> _WHAT IS BEING ASKED_
Working from the start of the listing, please write out exactly the lines through the one that holds "Father and son", both included, and omit all pictures.

> _DATASET SECTION_

════════════════

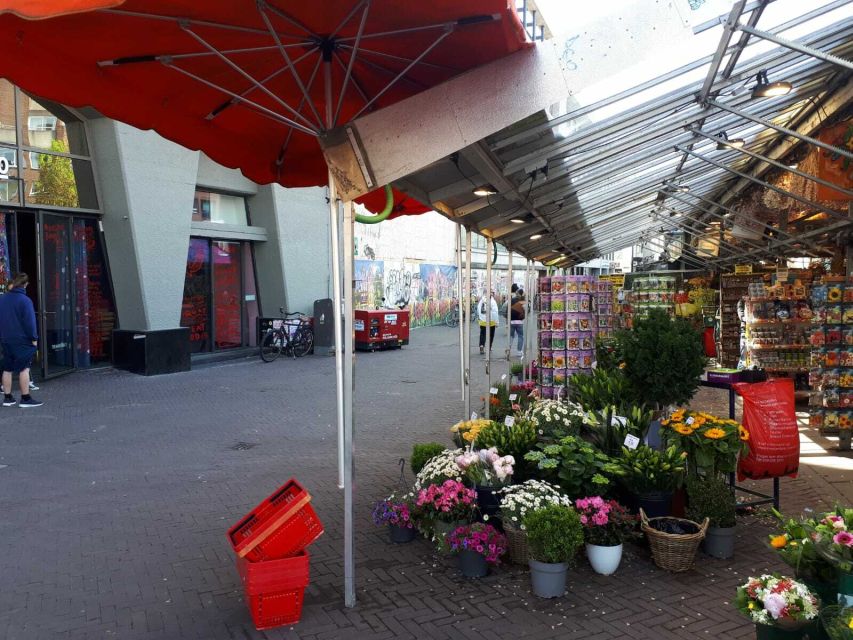 Amsterdam Walking Tour and Canal Cruise - A four-hour introduction that links streets and canals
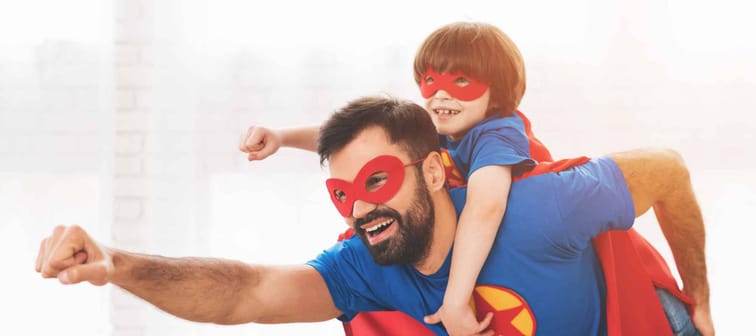 Father and son in the red and blue suits of superheroes. On their faces are masks and they are in raincoats. They are posing in a bright room.
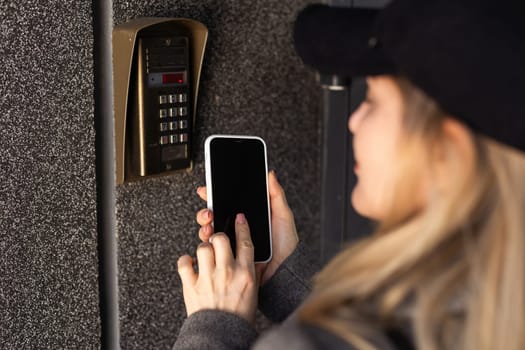 Female hand holding black mobile smart phone with smart home application on the screen. Blurred house on the background. For access to all of the controls of your house and caring of home security. High quality photo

════════════════

> _FINAL ANSWER_
 Amsterdam Walking Tour and Canal Cruise - A four-hour introduction that links streets and canals
 Father and son in the red and blue suits of superheroes. On their faces are masks and they are in raincoats. They are posing in a bright room.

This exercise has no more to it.